Sunday, April 8, 2012

The Maldives...Paradise!

I am made for island life…there’s something about landing in a warm, tropical sunlit beach, with palm trees, flowers, sparkling waters…ah, the life. Lively drumming greeted us as we stepped from our sea plane and onto our island paradise…no shoes, no cares, nothing to do…Here's a picture of the island from the pier as we walked onto our island paradise...
So…a bit about the Maldives. The Maldives is the lowest country in the world – its average ground level is only about 4 feet above sea level…obviously a concern if global warming really is going melt the icecaps and cause the ocean to rise. It is composed of coral island made of coral debris and living coral. The coral forms a natural barrier, a protective fringe of reef, creating lagoons around the various islands. These lagoons are generally a beautiful turquoise color and crystal clear. The reefs also protect the islands from storms and high waves of the Indian Ocean. The inner part of the island has a thick layer of rich humus, allowing numerous tropical plants including coconut palms, mangroves, banyans, hydrangeas, hibiscus and other beautiful, lush green plants.
The view from our room...
Our room – its own little hut - overlooked shimmering turquoise blue waters. A quick walk across the pristine sand (a team of men and women rake the beach daily) delivered us to the warm, crystal clear waters where we could swim, snorkel, or just cool off. The big decision for the day was which beach to sit on, which area to snorkel in…tough life. The room was nice, nothing too exotic…but the shower area…out back…an outdoor shower with a private view of greenery, palm trees, and exotic flowers…a real pleasure to stand and enjoy the water cascading over your body.

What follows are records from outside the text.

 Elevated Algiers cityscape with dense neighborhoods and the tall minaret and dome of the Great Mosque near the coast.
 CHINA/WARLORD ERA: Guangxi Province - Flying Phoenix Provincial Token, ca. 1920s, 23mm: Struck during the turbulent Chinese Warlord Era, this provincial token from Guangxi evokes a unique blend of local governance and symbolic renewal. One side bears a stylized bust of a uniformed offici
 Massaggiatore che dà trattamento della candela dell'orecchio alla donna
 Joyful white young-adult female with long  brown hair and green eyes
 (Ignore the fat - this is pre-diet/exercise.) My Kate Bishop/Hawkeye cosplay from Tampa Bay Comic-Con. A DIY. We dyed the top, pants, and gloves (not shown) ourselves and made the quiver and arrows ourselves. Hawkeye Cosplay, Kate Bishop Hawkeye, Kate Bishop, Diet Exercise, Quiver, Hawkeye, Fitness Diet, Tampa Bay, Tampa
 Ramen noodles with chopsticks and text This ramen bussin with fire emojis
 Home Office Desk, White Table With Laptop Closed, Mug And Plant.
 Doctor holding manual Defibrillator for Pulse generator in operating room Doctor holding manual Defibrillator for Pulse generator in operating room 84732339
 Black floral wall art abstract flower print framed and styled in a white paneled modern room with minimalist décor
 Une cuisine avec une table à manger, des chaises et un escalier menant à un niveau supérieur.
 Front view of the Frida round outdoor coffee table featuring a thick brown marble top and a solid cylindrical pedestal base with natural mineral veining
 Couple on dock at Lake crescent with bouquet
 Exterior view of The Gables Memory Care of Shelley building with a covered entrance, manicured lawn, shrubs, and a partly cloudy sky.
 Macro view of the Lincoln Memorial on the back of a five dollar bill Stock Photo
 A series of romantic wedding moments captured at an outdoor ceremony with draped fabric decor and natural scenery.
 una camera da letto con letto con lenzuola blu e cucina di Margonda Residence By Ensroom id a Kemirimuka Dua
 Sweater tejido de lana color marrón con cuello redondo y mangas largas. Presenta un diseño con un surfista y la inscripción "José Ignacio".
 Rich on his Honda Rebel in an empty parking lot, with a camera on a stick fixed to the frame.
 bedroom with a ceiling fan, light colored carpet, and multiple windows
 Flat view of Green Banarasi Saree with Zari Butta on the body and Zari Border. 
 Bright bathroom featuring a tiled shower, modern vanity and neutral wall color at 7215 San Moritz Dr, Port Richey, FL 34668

Good thing it was so nice…the salt water was pretty “sticky” so we ended up taking 3 or 4 showers a day to rinse off the salt…ah, like I said, a tough life.
Creative carvings...
I have to take a moment here to talk about the food. Usually I’m not too impressed with buffet food – it’s often overcooked since it’s sitting around staying hot for hours and it’s generally not really all that tasty. Not so here – the chefs were fabulous! We had a few foods that were prepared ahead of time, but primarily things that wouldn’t overcook themselves – the rices, the curries, potatoes, stews, but anything that would lose texture…they fixed for you short order. You could get the various pasta dishes prepared on the spot, stir fries were put together to match your tastes and cooked in front of you. Of course various meat dishes were available, again, prepared to order. The curries were wonderful – you could smell the spices across the room when anyone took off the lid…heavenly. Then there was the desert table – every meal had 5 or 6 tantalizing choices available. Fortunately, they also had fruit, fresh papaya, that melted on your tongue. It was really tough to not leave feeling very full.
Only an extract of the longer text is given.